Small, democratic bodies can be united federally in a larger system, and this
was the intention of the founders of our republic, but it no longer exists in a
meaningful way.
The Least of Evils
Calvin the Reformer and Leo the Pope both came to rather the same conclusion;
both recommended aristocracy tempered by democracy, or democracy tempered by
aristocracy. In other words, neither recommended a totally rational,
mathematically egalitarian system. This was the original American idea, properly
designated as "federal republicanism," with division of powers and two
kinds of representative chambers.
Ideally, those who govern should possess authority in the sense of Hannah
Arendt. Authority must be distinguished from power. Arendt defines it as the
ability to elicit voluntary obedience. Good presidents, good officers,
good coaches, good teachers have it. Those who do not have it must resort to
power, to force, in order to be obeyed. When government leaders forfeit respect,
they lose authority, and when authority is lost, power must use force to
preserve social peace. Power, contrasted with true authority, compels
obedience. Thus when a ruler or a government resorts to force to secure
obedience, this does not "restore authority." Instead, it proves that
authority is gone.
There is a loss of authority in the U.S.A. at virtually every level of social
behavior: parents, teachers, clergy, government officials, etc. As Arendt
predicted, this loss is accompanied by an increasing resort to government
restrictions, which then leads to government violence.
Religion and Freedom
Although religions and religious leaders have at times resorted to force to
secure their goals, ideally they should influence and rule by persuasion and
conviction. When all the people, or at least a very significant number of them,
share common ideals and values, often in terms of a shared religion, to a great
extent they will govern themselves. When they do not, governments must resort to
force. When people are capable of self-discipline, self-motivation, and
self-control, very little force is required to "promote domestic
tranquility."
Within Western Christendom, the fundamental basis of government has been
covenantal, based on the concept of covenants between God, the Creator and
Judge, and humans, his servants. Respect for covenantal arrangements obviates
the need for force. This is true both in the small society of the family, the
larger society of the sports team, and the great society of the State.
Traditionally, these covenants between individuals and smaller segments of
society have been seen as under the covenant between God and the human race.
When even the symbolism of this overarching covenant is derided or discarded, as
has occurred in the United States in various decisions of the Supreme Court, the
need for government regulation–and force–grows exponentially.

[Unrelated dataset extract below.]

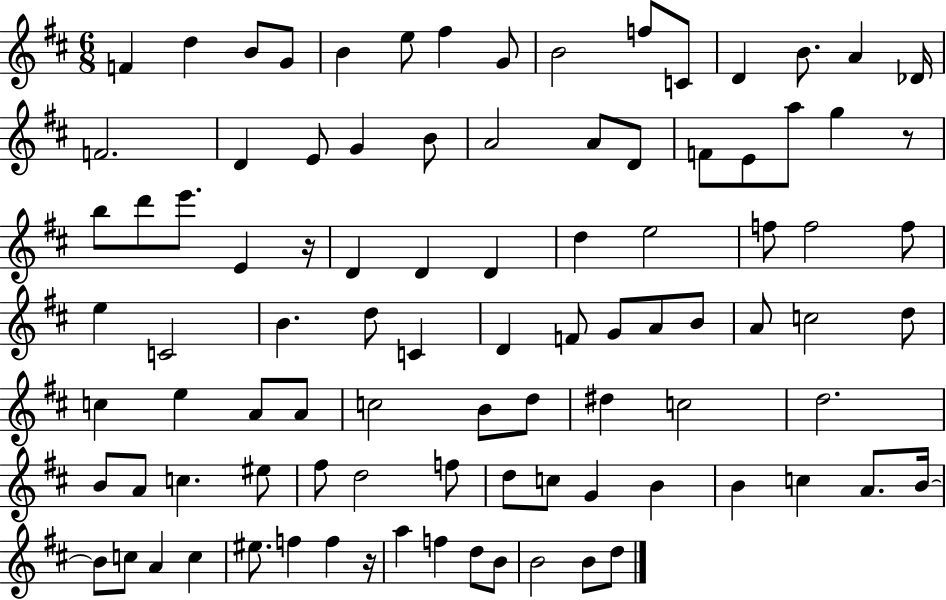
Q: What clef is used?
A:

The simplest natural human covenant is that of marriage and the family. When
this covenantal arrangement is denigrated and disregarded, it has an impact on
the rest of society. Colleges once drew upon the authority of the family to
supervise their young charges. They claimed that they had a duty to act in
loco parentis, in the place of a parent, obviously assuming that a natural
and recognized authority existed between a child and his parents, an authority
that could be delegated to some extent to the college. As marriage has declined
and maturity has been declared to begin at eighteen rather than twenty-one, the
colleges and other institutions have lost all natural authority. In all too many
cases so-called educational institutions seek to influence the students over
which they no longer have authority not by inspiring virtue or idealism, but by
catering to adolescent fantasies and appetites, including sexual ones.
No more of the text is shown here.